Koran film sparks outrage
Updated on 28 March 2008
Islamists have held angry demonstrations after a Dutch politician released a film that accused the Koran of inciting violence.
The movie, called Fitna after the Arabic word for strife, mixes images of the September 11 attacks and other atrocities with quotations from the Muslim holy book.
It urges Muslims to tear out "hate-filled" verses from the Koran and starts and finishes with a cartoon of the Prophet Mohammad with a bomb under his turban, originally published in Danish newspapers, accompanied by the sound of ticking.
The man responsible, MP Geert Wilders, who heads the anti-immigration Freedom Party, has been under armed guard after getting death threats.
Iran condemned the film along with Indonesia, the world's most populous Muslim nation and a former Dutch colony.
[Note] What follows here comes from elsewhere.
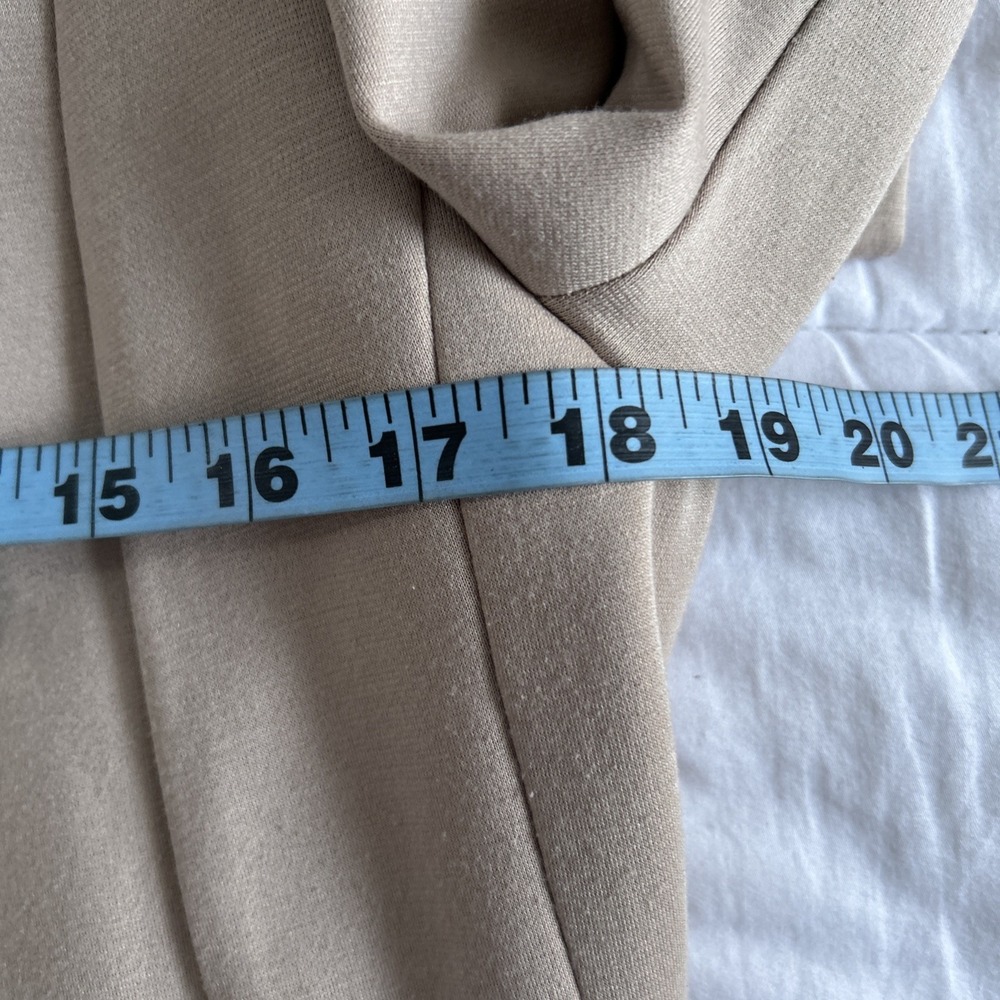 H&M Blazer Womens 10 Beige‎ Decorative Buttons Tailored Minimalist Career Jacket - Picture 7 of 11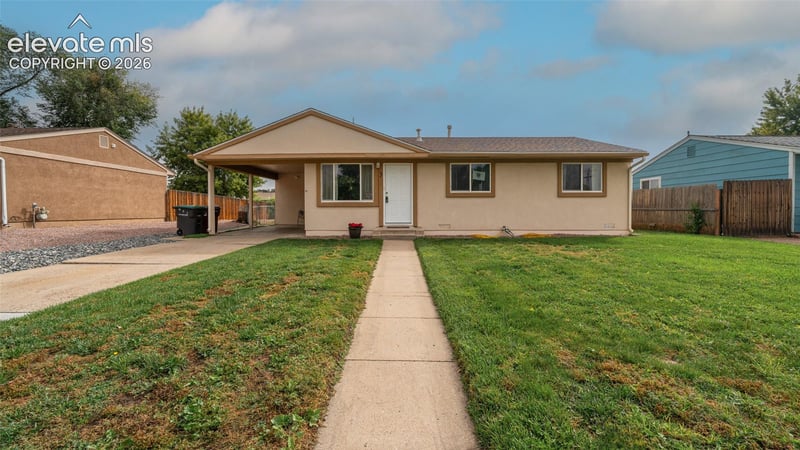 3 Otowi Dr, Colorado Springs, CO 80911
A spokesman for the southeast Asian country's foreign ministry said: "We are of the view that the film has a racist flavour and is an insult to Islam, hidden under the cover of freedom of expression."
But Dutch Muslim leaders appealed for calm and have called on Muslims worldwide not to target Dutch interests.
In a statement on live television in both Dutch and English, Prime Minister Jan Peter Balkenende said he rejected Wilders' views and was pleased by the restrained reaction of Dutch Muslim organisations.
Demonstrators took to the streets from Afghanistan to Indonesia to burn Dutch and Danish flags after newspapers reprinted the caricatures of Mohammed following the arrest of three men on suspicion of trying to kill the cartoonist, Kurt Westergaard.